Is liberalism dead? The answer is yes, because as a philosophy and as an ideology liberalism died longtime ago. It was the illiberal mantra of Capitalism that maintained liberal dystopia on the political surface while crushing its principles at the base. 
 
Today, people are living in a hyper-delusional world, where people are confused with ideological underpinnings, civilizational cleavage, cultural disruption, anthropological idleness, sociological collapse and political chaos. 
 
What is the way out, the people don’t know. Ordinary masses are suffering from the schizophrenia of their identity and communal miscarriage that gave birth to the perpetual crisis of essence and existence. This is what we call as neo-identity crisis that supersedes communal politics over liberal national politics. The very ‘being’ of communities feel threatened from the fallible liberal mantra of openness and unpretentious individualism. It was the lack of dialectical thinking of liberal elites that brought liberalism at the cross-road of identitarian politics. 
 
What Russian president Vladimir Putin during his recent exclusive interview with Financial Times said; “the liberal idea has become obsolete”. Basically, he was referring to the rising anti-liberal hysteria across the west, where identitarians are staunchly opposing immigration, assaulting multiculturalism and rejecting neo-liberal capitalism. 
 
President Putin’s response have been widely misinterpreted by the western media because what he said is the living reality of our time. Consequently, it was the liberal west which betrayed the ideals of liberal philosophy and the foundation of European enlightenment. Perhaps, the west is no more liberal and has never been liberal because the liberal slogans were disguised with the broader interest of the capitalist elites, which turned liberal enlightenment into capitalist corporatism. Likewise, this liberal corporatism has given birth to political orthodoxy widely practiced by the western liberal elites, who prioritized market morality over the personal and social morality.
 
Today, the ordinary masses are searching for new direction in order to secure the realm of their personal morality. Thus, the identity politics based on the philosophy of collective identities seems a new genuine way for securing the realm. Though, the liberal west calls it as the birth of ‘New Right’ but a large portion of world population is supporting this new geopolitical trend. 
 
Even famous American political commentator Farncis Fukuyama admitted this new trend in his recently published book “Identity: The demand for dignity and the politics of resentment”. What he said; “the liberal world order did not benefit everyone and inequality increased dramatically worldwide, particularly in liberal democracies, and many of the benefits of growth flowed primarily to an elite defined primarily by education... supposing that at the core of each identity there is some deep similarity that binds people of that identity together”. With these words, Fukuyama openly admits the decaying liberal order, which once he deemed as the last government of human civilization. 
 
Thus, the rise of Fourth political theory has put an end the feeble mantra of liberal world order by appealing to the anthropological sociology of collective identities.
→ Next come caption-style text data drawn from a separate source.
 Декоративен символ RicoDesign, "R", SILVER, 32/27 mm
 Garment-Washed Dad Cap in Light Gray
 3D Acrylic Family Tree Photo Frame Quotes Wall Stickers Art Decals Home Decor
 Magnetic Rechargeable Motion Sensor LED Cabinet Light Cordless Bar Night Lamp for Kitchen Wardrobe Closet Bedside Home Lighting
What Dugin writes in the “The Fourth Political theory”:
 
‘The subject of Communism was class. Fascism’s subject was the state, in Italian Fascism under Mussolini, or race in Hitler’s National Socialism. In liberalism, the subject was represented by the individual, freed from all forms of collective identity and any ‘membership’. While the ideological struggle had formal opponents, entire nations and societies, at least theoretically, were able to select their subject of choice — that of class, racism or statism, or individualism. The victory of liberalism resolved this question: the individual became the normative subject within the framework of all mankind. This is when the phenomenon of globalization entered the stage, the model of a post-industrial society makes itself known, and the postmodern era begins. From now on, the individual subject is no longer the result of choice, but is a kind of mandatory given. Man is freed from his ‘membership’ in a community and from any collective identity.’ 
In contrast, if people want to think beyond liberalism then the only opportunity which is knocking the doors of their mind is the philosophy of fourth political theory that appeals anthropological chronology and identitarian personal morality.